Computations in extended precision#

As hinted in the installation instructions, heyoka supports computations not only in single and double precision, but also in extended precision. Specifically, heyoka currently supports:

the 80-bit IEEE extended-precision format (~21 decimal digits),
the 128-bit IEEE quadruple-precision format (~36 decimal digits).

How these extended precision floating-point types can be accessed and used from C++ varies depending on the platform. The 80-bit extended-precision format is available as the C++ long double type on most platforms based on Intel x86 processors. Quadruple-precision computations are supported either via the long double type (e.g., on 64-bit Linux ARM) or via the the mppp::real128 type (provided that the platform supports the nonstandard __float128 floating-point type and that heyoka was compiled with support for the mp++ library - see the installation instructions).

A simple example#

We will be assuming here that long double implements the 80-bit extended-precision floating-point format.
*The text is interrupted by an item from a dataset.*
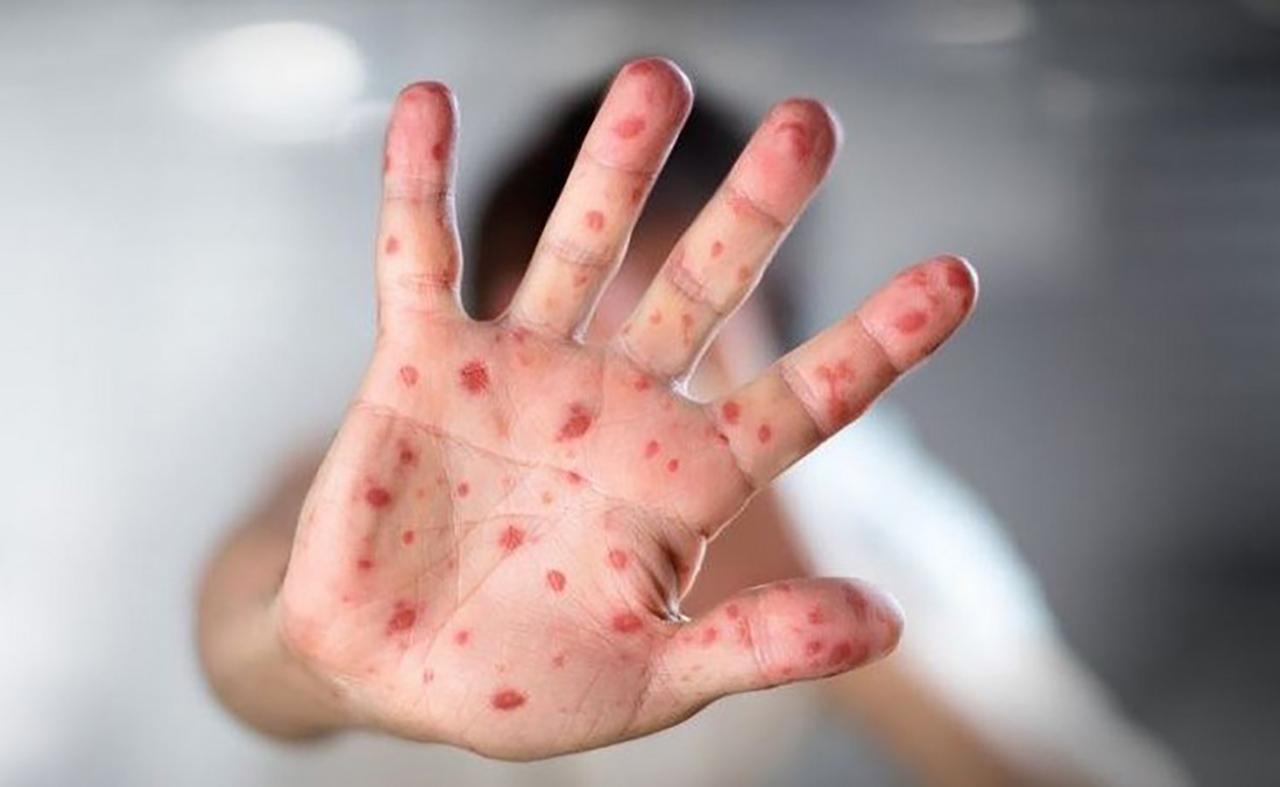 Ministarstvo ZDK zatražilo ukidanje epidemije morbila u tom kantonu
In order to verify that heyoka indeed is able to work in extended precision, we will be monitoring the evolution of the energy constant in a high-precision numerical integration of the simple pendulum.

Let us begin as usual with the definition of the dynamical equations and the creation of the integrator object:

    // Create the symbolic variables x and v.
    auto [x, v] = make_vars("x", "v");

    // Create the integrator object
    // in extended precision.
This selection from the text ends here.